EXPLANATORY NOTE REGARDING PROXY SUPPLEMENT
On April 29, 2024, Vroom, Inc. (“we,” “us,” “our,” the “Company,” “Vroom”) filed with the Securities and Exchange Commission a proxy statement (the “Proxy Statement”) and its Notice of 2024 Annual Meeting of Stockholders for the Company’s 2024 Annual Meeting of Stockholders (the “2024 Annual Meeting”). On or around May 3, 2024, the Company began distributing a Notice of Internet Availability of Proxy Materials (the “Notice of Internet Availability”) to stockholders of record as of April 19, 2024 (the “Record Date”) containing instructions on how to access the Proxy Statement and vote.
Recent Developments
Since the distribution of the proxy materials, there have been developments regarding the management and Board of Directors (the “Board”) of the Company. We are reaching out to you to describe these recent events and to supplement portions of the Proxy Statement as set forth in this Supplement to the Proxy Statement.
On May 6, 2024, the Board approved the separation from the Company of Robert R. Krakowiak as Chief Financial Officer, Treasurer and principal financial officer of the Company, effective May 17, 2024 (the “CFO Transition Date”). On May 6, 2024, the Board appointed Robert R. Krakowiak as a director of the Company, and as Vice Chair of the Board, in each case effective as of the CFO Transition Date.
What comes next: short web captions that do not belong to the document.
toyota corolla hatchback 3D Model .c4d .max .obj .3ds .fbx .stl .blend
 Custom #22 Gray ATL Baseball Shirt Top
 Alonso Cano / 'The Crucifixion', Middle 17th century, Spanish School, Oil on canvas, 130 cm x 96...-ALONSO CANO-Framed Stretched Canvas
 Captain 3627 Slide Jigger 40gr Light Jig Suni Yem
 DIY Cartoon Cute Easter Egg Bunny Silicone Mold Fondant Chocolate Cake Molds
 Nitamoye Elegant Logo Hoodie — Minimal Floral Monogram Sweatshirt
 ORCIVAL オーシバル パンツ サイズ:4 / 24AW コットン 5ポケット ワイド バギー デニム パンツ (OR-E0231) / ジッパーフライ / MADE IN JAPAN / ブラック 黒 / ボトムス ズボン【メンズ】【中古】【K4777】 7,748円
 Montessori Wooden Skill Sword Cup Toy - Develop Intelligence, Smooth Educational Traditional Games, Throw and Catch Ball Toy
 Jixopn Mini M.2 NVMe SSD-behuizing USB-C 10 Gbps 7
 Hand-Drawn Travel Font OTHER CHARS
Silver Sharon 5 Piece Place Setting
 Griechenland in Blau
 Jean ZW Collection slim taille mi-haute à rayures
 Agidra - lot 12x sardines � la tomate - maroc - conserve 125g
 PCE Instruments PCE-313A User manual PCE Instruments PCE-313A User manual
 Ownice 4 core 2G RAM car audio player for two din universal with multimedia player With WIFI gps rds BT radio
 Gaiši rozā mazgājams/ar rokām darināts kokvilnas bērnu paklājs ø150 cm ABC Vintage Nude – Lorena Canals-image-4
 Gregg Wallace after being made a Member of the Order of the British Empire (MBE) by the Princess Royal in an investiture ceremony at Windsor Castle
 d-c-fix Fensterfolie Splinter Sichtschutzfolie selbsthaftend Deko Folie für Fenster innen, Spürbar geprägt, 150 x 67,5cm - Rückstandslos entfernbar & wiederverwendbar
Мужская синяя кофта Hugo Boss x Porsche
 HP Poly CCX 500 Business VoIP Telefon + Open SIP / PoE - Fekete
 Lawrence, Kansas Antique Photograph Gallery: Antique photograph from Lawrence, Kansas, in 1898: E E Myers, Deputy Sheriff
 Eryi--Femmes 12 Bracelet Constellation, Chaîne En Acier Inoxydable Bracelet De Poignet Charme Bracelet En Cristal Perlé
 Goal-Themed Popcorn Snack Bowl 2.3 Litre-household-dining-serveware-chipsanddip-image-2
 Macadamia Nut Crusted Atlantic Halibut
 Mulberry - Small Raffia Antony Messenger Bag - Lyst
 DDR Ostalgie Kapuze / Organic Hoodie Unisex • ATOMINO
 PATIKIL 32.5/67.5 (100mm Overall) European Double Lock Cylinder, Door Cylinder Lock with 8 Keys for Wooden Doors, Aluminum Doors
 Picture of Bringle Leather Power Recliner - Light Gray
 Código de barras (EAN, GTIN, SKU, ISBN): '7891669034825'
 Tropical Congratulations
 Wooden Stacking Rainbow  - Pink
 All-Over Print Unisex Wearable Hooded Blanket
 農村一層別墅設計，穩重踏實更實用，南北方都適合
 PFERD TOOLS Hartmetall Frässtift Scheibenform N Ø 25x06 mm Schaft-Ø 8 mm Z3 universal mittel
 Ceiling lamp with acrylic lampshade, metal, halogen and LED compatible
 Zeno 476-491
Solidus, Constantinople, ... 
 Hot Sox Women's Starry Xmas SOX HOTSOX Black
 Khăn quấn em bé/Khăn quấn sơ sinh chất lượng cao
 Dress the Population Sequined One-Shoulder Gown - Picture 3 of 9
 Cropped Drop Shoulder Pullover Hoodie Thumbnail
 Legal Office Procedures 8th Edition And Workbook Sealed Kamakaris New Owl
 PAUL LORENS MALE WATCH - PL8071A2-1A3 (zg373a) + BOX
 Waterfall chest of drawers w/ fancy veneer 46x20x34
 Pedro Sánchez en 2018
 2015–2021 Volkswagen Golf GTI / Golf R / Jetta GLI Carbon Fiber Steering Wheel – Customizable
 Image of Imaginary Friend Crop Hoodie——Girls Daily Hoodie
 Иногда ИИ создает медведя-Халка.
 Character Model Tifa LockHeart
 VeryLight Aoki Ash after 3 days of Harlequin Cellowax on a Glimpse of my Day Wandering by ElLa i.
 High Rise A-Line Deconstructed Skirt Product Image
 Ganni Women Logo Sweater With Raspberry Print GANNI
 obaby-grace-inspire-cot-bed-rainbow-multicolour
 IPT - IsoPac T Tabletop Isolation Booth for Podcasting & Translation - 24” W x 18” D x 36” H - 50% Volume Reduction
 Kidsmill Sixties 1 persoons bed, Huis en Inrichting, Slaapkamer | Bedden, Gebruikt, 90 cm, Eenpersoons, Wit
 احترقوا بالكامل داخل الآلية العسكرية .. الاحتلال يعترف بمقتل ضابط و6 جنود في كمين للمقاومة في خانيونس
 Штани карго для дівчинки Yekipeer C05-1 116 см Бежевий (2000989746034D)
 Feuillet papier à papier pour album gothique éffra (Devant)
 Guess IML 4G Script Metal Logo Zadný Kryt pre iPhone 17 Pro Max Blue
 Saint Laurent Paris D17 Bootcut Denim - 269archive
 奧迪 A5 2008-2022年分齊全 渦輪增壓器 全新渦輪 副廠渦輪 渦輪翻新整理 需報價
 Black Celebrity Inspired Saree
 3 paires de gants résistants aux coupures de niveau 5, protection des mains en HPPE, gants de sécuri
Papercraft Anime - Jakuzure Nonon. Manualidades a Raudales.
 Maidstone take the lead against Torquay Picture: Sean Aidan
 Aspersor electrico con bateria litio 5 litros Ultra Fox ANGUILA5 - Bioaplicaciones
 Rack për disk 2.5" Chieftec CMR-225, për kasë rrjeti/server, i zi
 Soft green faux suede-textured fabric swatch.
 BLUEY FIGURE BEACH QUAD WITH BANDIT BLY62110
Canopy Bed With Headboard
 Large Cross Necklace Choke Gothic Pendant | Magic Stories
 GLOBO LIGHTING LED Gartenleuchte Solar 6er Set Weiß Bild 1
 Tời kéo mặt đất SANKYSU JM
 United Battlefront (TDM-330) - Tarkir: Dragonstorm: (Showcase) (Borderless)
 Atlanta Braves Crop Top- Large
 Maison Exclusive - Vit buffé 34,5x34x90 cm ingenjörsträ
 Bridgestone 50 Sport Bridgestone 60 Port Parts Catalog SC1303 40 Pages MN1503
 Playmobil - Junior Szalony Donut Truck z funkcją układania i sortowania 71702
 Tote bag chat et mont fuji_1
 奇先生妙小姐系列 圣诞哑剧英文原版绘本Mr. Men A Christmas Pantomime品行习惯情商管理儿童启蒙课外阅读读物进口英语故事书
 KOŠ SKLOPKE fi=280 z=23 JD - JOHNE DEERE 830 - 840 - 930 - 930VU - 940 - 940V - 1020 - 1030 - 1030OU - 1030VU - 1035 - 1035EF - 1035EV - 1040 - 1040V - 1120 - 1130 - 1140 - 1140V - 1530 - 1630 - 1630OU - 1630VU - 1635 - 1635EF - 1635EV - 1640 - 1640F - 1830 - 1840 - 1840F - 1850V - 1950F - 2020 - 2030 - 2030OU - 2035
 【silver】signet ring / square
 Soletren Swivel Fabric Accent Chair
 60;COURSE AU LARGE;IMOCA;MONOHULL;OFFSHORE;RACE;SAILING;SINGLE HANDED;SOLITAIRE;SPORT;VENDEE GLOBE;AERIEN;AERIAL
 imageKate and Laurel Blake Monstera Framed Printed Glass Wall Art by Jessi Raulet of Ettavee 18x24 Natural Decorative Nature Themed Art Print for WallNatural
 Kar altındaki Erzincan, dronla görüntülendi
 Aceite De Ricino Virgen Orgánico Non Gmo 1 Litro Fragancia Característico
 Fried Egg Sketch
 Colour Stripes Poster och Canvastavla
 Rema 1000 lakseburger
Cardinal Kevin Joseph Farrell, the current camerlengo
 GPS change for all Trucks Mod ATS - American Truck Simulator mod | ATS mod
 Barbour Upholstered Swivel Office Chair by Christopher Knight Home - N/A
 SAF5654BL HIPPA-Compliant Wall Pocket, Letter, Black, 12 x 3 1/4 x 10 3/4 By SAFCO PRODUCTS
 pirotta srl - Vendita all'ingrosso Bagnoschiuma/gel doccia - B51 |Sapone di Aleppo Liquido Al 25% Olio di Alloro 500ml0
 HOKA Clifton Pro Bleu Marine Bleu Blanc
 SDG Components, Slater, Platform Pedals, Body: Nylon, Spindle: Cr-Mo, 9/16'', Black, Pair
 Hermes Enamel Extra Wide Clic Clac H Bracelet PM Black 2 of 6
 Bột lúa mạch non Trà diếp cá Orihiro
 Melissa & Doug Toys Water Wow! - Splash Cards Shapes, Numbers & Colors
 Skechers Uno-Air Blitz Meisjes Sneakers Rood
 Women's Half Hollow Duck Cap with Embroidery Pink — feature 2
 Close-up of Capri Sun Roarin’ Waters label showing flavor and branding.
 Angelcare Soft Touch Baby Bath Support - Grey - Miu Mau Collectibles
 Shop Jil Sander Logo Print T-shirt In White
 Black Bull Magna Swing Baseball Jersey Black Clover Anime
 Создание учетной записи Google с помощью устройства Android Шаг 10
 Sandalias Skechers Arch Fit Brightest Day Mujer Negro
Additionally, effective as of the CFO Transition Date, the Board appointed Agnieszka Zakowicz, the Company’s current Senior Vice President and principal accounting officer, as the Company’s Chief Financial Officer and Treasurer and designated her as the Company’s principal financial officer. Ms. Zakowicz will retain her role as principal accounting officer.
The enclosed Supplement to the Proxy Statement (the “Supplement”) is being made available to stockholders of record as of the Record Date to add a new Proposal Five, pursuant to which Mr. Krakowiak will stand for re-election to the Company’s Board at the 2024 Annual Meeting.
Except for the Amended Notice of 2024 Annual Meeting of Stockholders (the “Amended Notice of Meeting”), the addition of Proposal Five to submit the nomination of Robert R. Krakowiak, the updated information regarding the make-up of the Board and its nominees inclusive of Mr. Krakowiak, and the updated information regarding our executive officers, this Supplement does not modify or supplement any other matter presented for consideration or otherwise set forth in the Proxy Statement. We have, however, for stockholders’ convenience, included summary information regarding voting and the revocability of proxies. This Supplement, Amended Notice of Meeting and proxy card distributed to stockholders of record as of the Record Date should be read in conjunction with the Proxy Statement and the Company’s Annual Report on Form 10-K for the year ended December 31, 2023 (the “2023 Annual Report”), as each contains information that is important to your decisions in voting at the 2024 Annual Meeting.
AMENDED NOTICE OF 2024 ANNUAL MEETING OF STOCKHOLDERS
To Be Held on June 13, 2024
Dear Stockholders:
The 2024 Annual Meeting of Vroom, Inc. will be held on Thursday, June 13, 2024, at 3:00 p.m. Eastern Time. The 2024 Annual Meeting will be a completely virtual meeting, which will be conducted via live webcast. You will be able to attend the 2024 Annual Meeting online and submit your questions during the meeting by visiting www.virtualshareholdermeeting.com/VRM2024 and entering the 16-digit control number included on the Notice of Internet Availability of Proxy Materials or the proxy card that you received, or on the materials provided by your bank or broker. The 2024 Annual Meeting will be held for the following purposes:
Proposals
The foregoing items of business are more fully described in the Proxy Statement made available to stockholders on or about May 3, 2024, except for the addition of Proposal 5, and additional information with respect thereto is set forth in the enclosed Supplement.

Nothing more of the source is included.